With the pictures left out, write out exactly the lines of the listing below that run from the line with "Traueranzeige von Maria" through the line with "Boho Sun Beach".

Study material below:

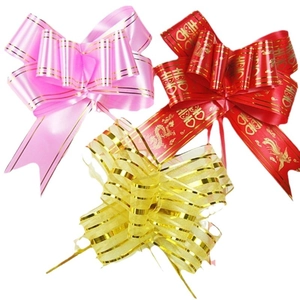 5cm organza ribbon bows in pink, red with gold trim for wedding gift decoration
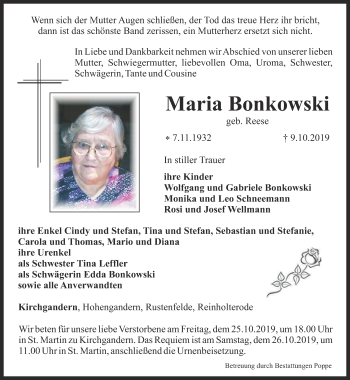 Traueranzeige von Maria Bonkowski von Thüringer Allgemeine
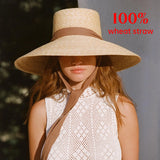 Boho Sun Beach Hat - Wide Brim Straw Hat with Chin Strap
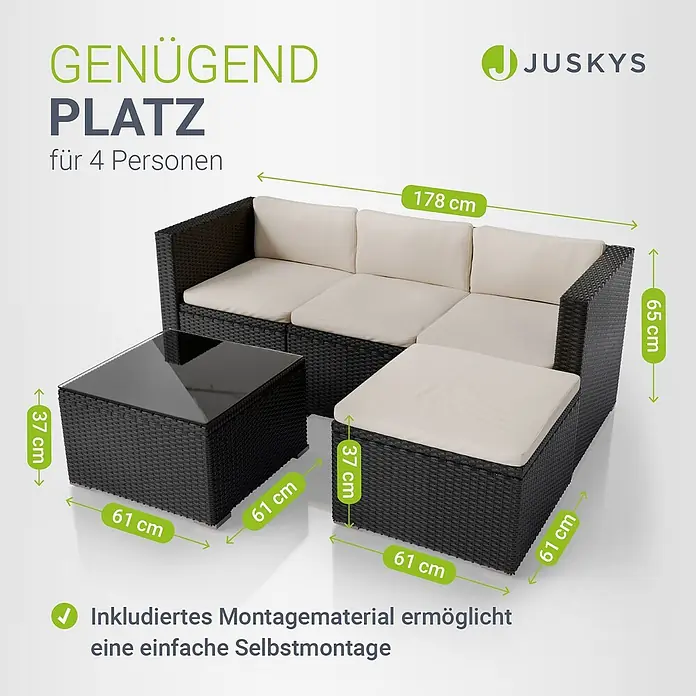 Juskys Loungemöbel-Set Punta Cana - 3 -tlg., Gestell: Stahl, pulverbeschichtet; Geflecht: Polyrattan; Sitz- und Rückenkissen: Polyester, Schaumstoff; Glasplatte: Sicherheitsglas, Farbe Geflecht: SchwarzFarbe der Bezüge: CremeAnzahl Sitzplätze: 3 - 4, Schwarz|Creme - Dunkelbraune Rattan-Gartengarnitur mit Cremepolstern, Couchtisch und Ottoman für 4 Personen.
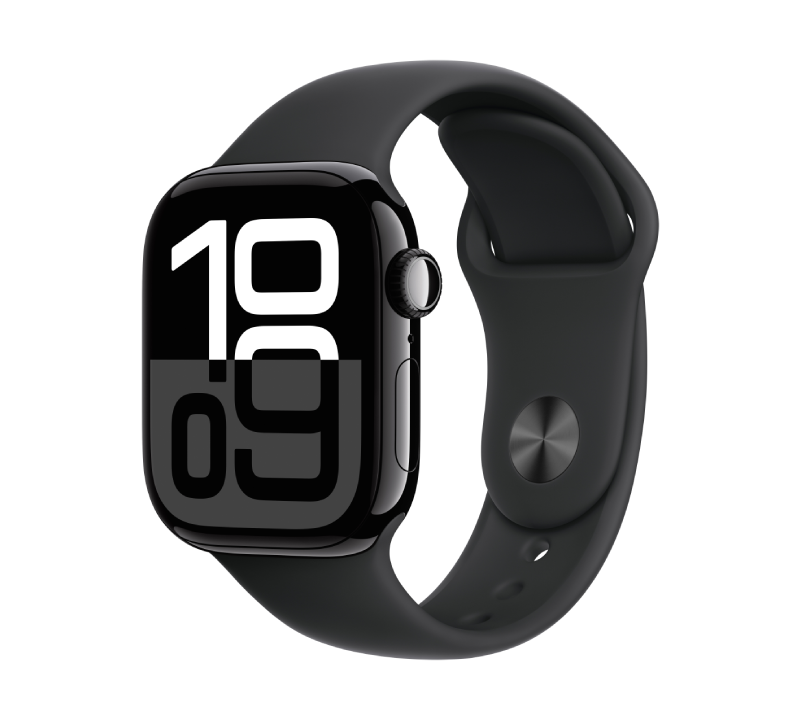 【618限時特賣】Apple Watch S10 LTE 42mm 曜石黑色鋁金屬-黑色運動型錶帶-S/M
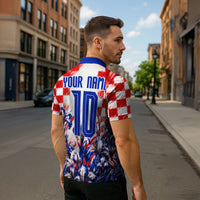 Personalized Croatia Marten Soccer 2026 Zipper Polo Shirt Football Grunge Checkerboard Croatian Iris Floral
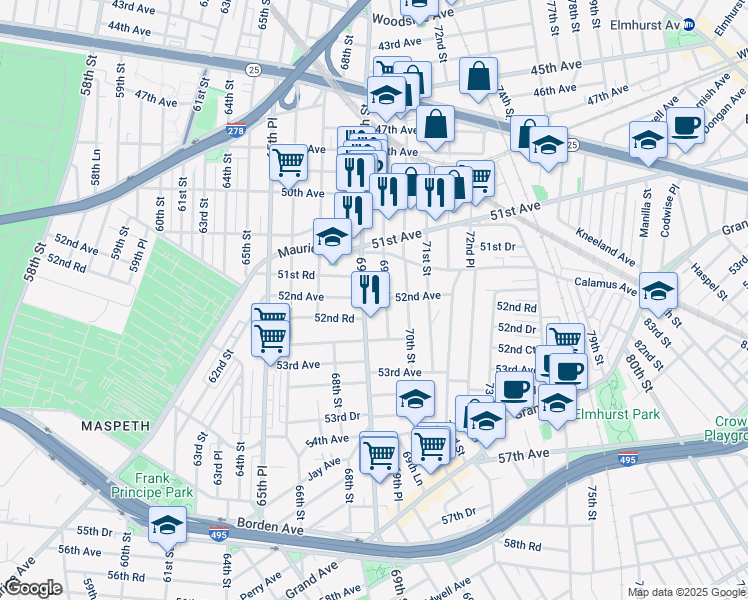 map of restaurants, bars, coffee shops, grocery stores, and more near 51-44 69th Street in Queens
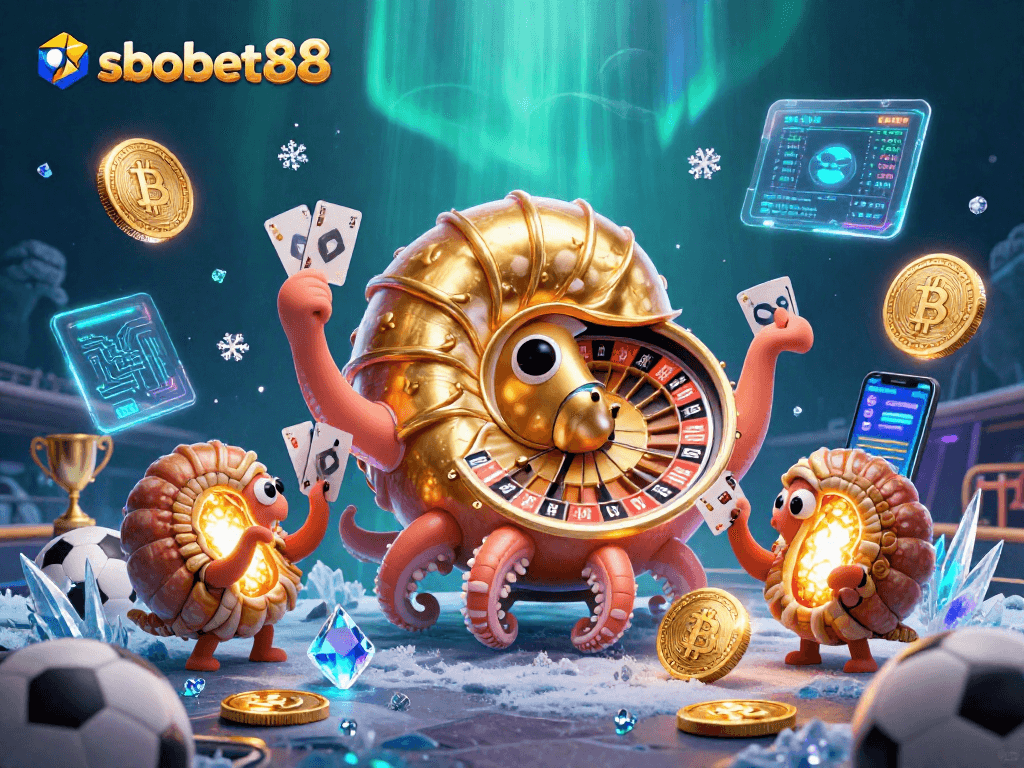 Bet on sbobet88 with sports betting elements, showcasing energy and excitement in a vibrant illustration.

End of Study material.

> [Reply]
 Traueranzeige von Maria Bonkowski von Thüringer Allgemeine
 Boho Sun Beach Hat - Wide Brim Straw Hat with Chin Strap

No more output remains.